You can criticize the EU for its own hubris in thinking such an absurdity as the Euro would not hit the rocks taking on basketcase economies, but it takes two to tango. The EU wanted Greece in the grand experiment but Greece saw them coming. To them the EU was just another pot to be raided.
But this escapes the media scribblers. They've been predicting a collapse of the Euro for so long, not because of any particular insight, but because of that basic human instinct of wanting to see something big fail. It's why we all had our eyes glued to the telly when those aircraft hit the world trade centre. But the truth of it is, the eurozone GDP is gargantuan compared with the poxy economy of tiny Greece. The Euro survived 2008 and Greece is inconsequential now.
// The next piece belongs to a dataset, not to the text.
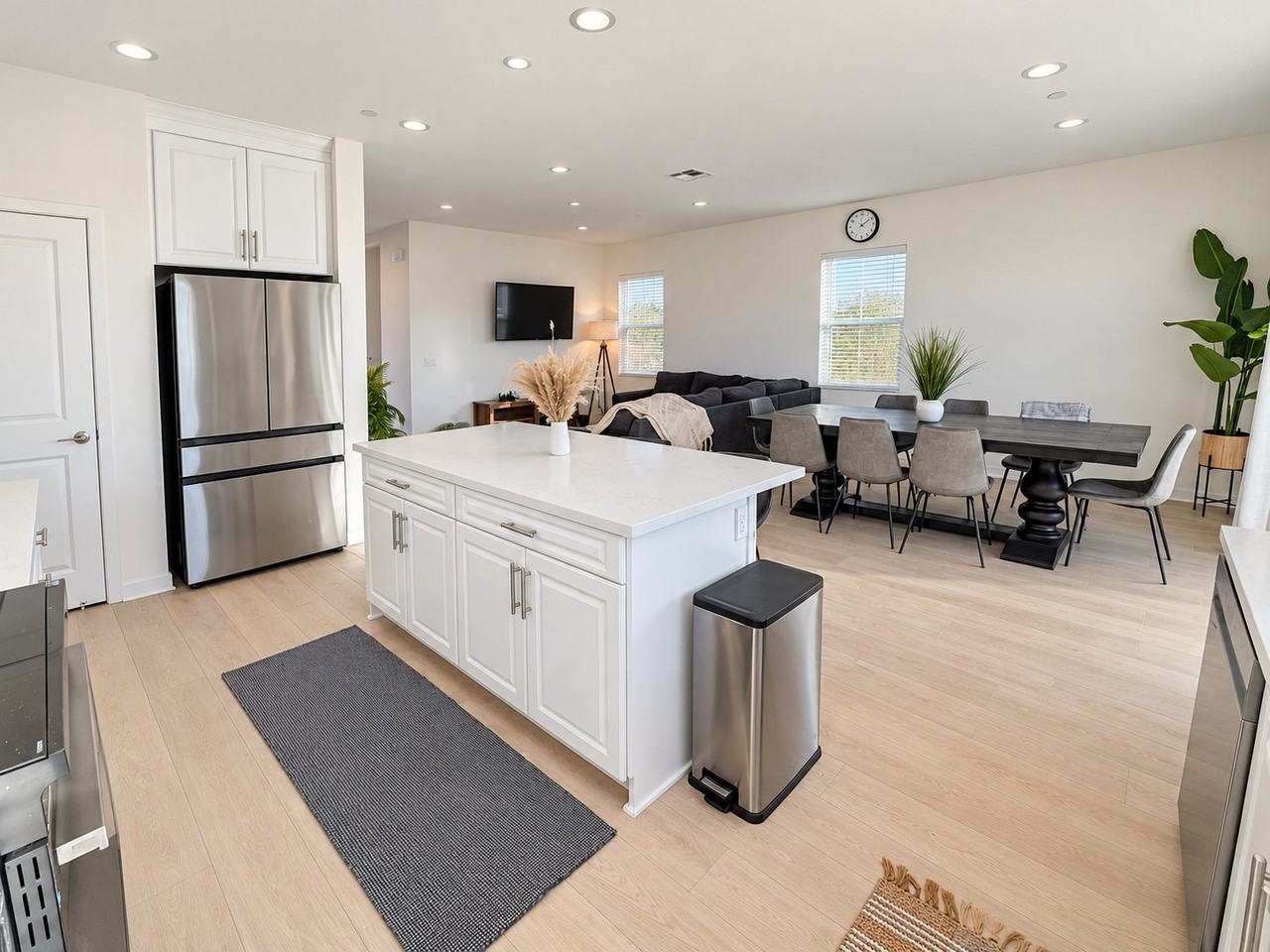 727 Kingbird Loop - Photo 4 of 8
What we've seen is pure theatricals.
After repeated bogus reassurances that Greece would get their act together, in comes Syriza, rips up reform agreements, sabotages the port privatisation talks and defaults on debt. From the tone set the EU then knew full well where the next bailouts to prop up the government were going. Straight into a black hole. Greece failed to make any serious reforms and can't be trusted to make them.
To say that austerity hasn't worked is a total misreading of the whole thing. Greece has not implemented any austerity measures in any meaningful sense - and the debt Greece has is the only leverage the EU has to ensure that they do stop the bleeding. If they don't Greece will continue to be a liability. It's also a strong message to Italy and the others. The benefits of the single market are not inherent to simply being in the EU - it is a product of playing by rules.
Evans-Pritchard accuses me of victim blaming when in reality Greece has effectively been caught with its fingers in the till and refusing to honour the terms of previous agreements. No state can function like that.
Evans-Pritchard is caught up in the theatre, not really realising what's going on. The Euro was not in any great danger from a Greek default as there is no contagion threat this time. So why then was it the big story? There are any number of bigger concerns in the EU right now that we're not hearing about, not least Ukraine. The answer is simple. The EU wanted it to be a big story.
A nice big story like this underscores the need for a new EU treaty that affords the EU the powers it needs, not only to tackle Greece but also the other basketcases - not just for the security of the Euro but also because the failures of the Greek and Italian states are a liability on many other scores too.
Such a treaty I would support, but obviously not with Britain as a member of the EU. That's why we need out so we can let the EU get on with it. Cameron won't get reform - he'll get relegation - the worst of both worlds.
This is why I've been looking at Greece in the first place. This sets the tone for Cameron's renegotiation and has massive ramifications for how the Brexit referendum goes in terms of what Cameron will attempt to sell us. In and of itself, the Syriza saga is otherwise an issue of little economic significance.